10th President of the University of Minnesota
- In office 1967–1974
- Preceded by: O. Meredith Wilson
- Succeeded by: C. Peter Magrath

Personal details
- Born: April 19, 1916 Saint Paul, Minnesota
- Died: January 28, 1982 (aged 65) Ten Mile Lake, Minnesota

= Malcolm Moos =

American political scientist (1916–1982)

Malcolm Charles Moos (April 19, 1916 – January 28, 1982) was an American political scientist, speechwriter, and academic administrator. He was a professor of political science at Johns Hopkins University for two decades. As a speechwriter, Moos wrote President Dwight Eisenhower's final warning about the influence of the military-industrial complex in 1961. Moos then served as the president of the University of Minnesota from 1967 to 1974.

==Early life==
Moos was born on April 19, 1916, in Saint Paul, Minnesota. He received his bachelor's and master's degrees in political science from the University of Minnesota. He received his doctorate, also in political science, from the University of California at Berkeley.

==Career==
Moos first taught at the University of Minnesota. He was a fellow at the University of California and a research assistant at the University of Alabama.
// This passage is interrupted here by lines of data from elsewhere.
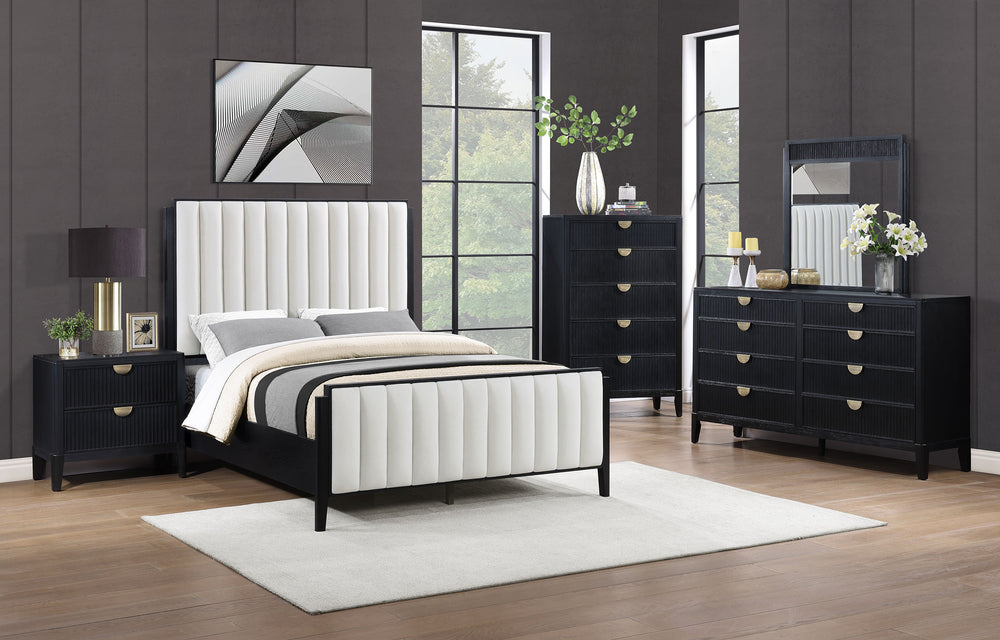 Dorian 5-Piece Upholstered Queen Bedroom Set Black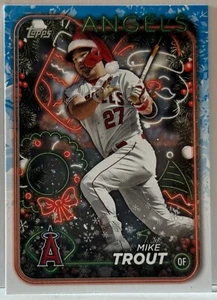 2024 Topps Holiday MEGA SP Santa Hat Image Variation Mike Trout   M10 - Picture 1 of 1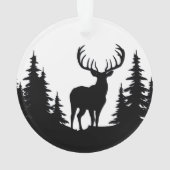 Big Buck Tussen Pine Tree Vector Ornament (achterkant)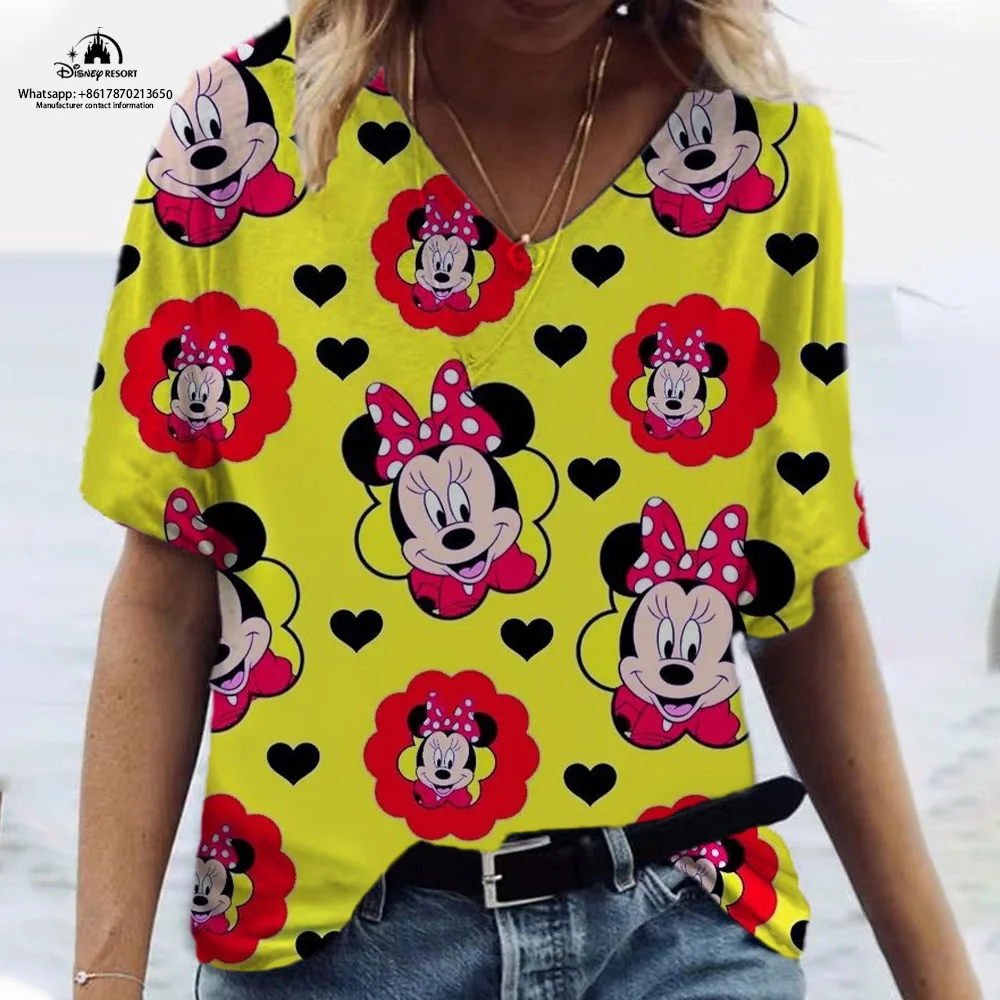 

Street Harajuku New Summer Mickey and Minnie Printed V-Neck Short Sleeve T-Shirt 2024 Women's Fashion Casual Tops y2k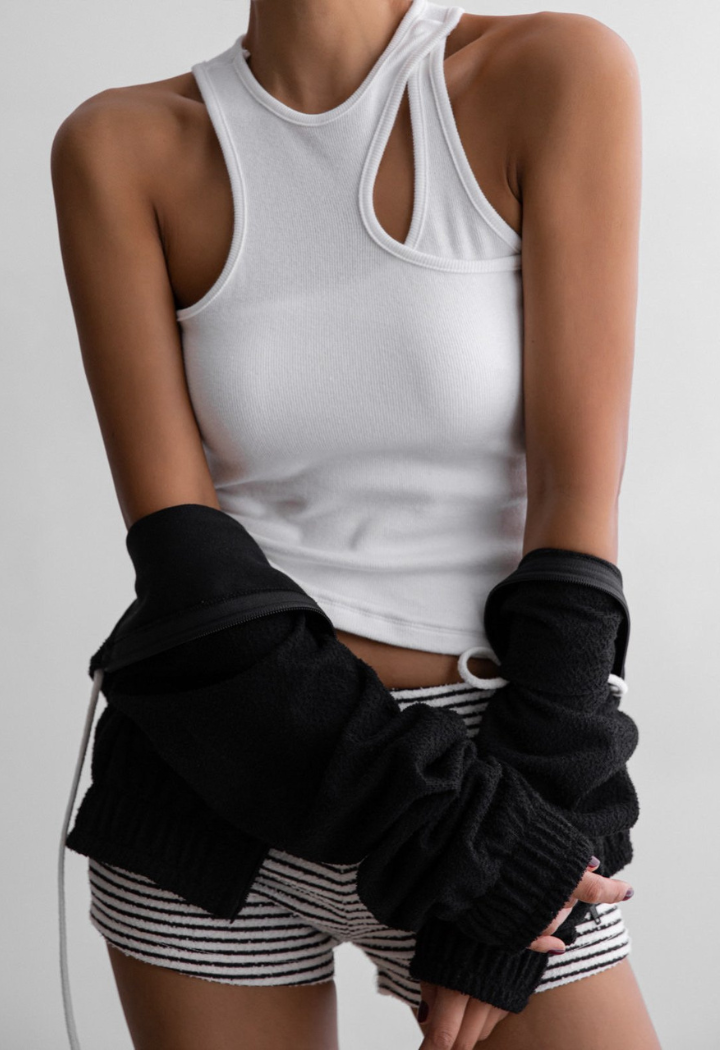 Layered Cut-Out  white  Sleeveless Tank Top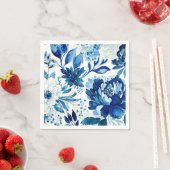 エレガントな濃紺の花園。植物の花 スタンダードカクテルナプキン (インサイチュ)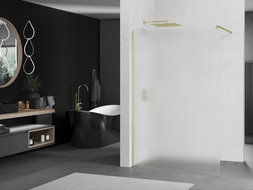 Mexen Kioto Walk-in Shower Wall 100 x 200 cm, Frosted 8 mm, Brushed Gold - 800-100-101-55-30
He taught at the University of Wyoming in 1942, then at Johns Hopkins University for 21 years. He was also an associate editor of the Baltimore Evening Sun.

Moos joined President Eisenhower's staff as a special assistant in 1957 and became his chief speechwriter in 1958. Among the many speeches Moos wrote for Eisenhower was Eisenhower's 1961 valedictory speech, which warned of the influence of the military-industrial complex.

Moos taught political science at Columbia University for three years and worked for the Rockefeller family for two years. He was director of policy and planning at the Ford Foundation from 1964 to 1967.

Moos served as the president of the University of Minnesota from 1967 to 1974. In 1967, he became the first native Minnesotan and alumnus to serve as a University of Minnesota president. During his tenure, Moos faced the rise of civil rights and anti-war protests.

In 1974, Moos was appointed executive director of the Center for the Study of Democratic Institutions in Santa Barbara, California. In 1978, he ran for the United States Senate as a Republican but failed to win the nomination.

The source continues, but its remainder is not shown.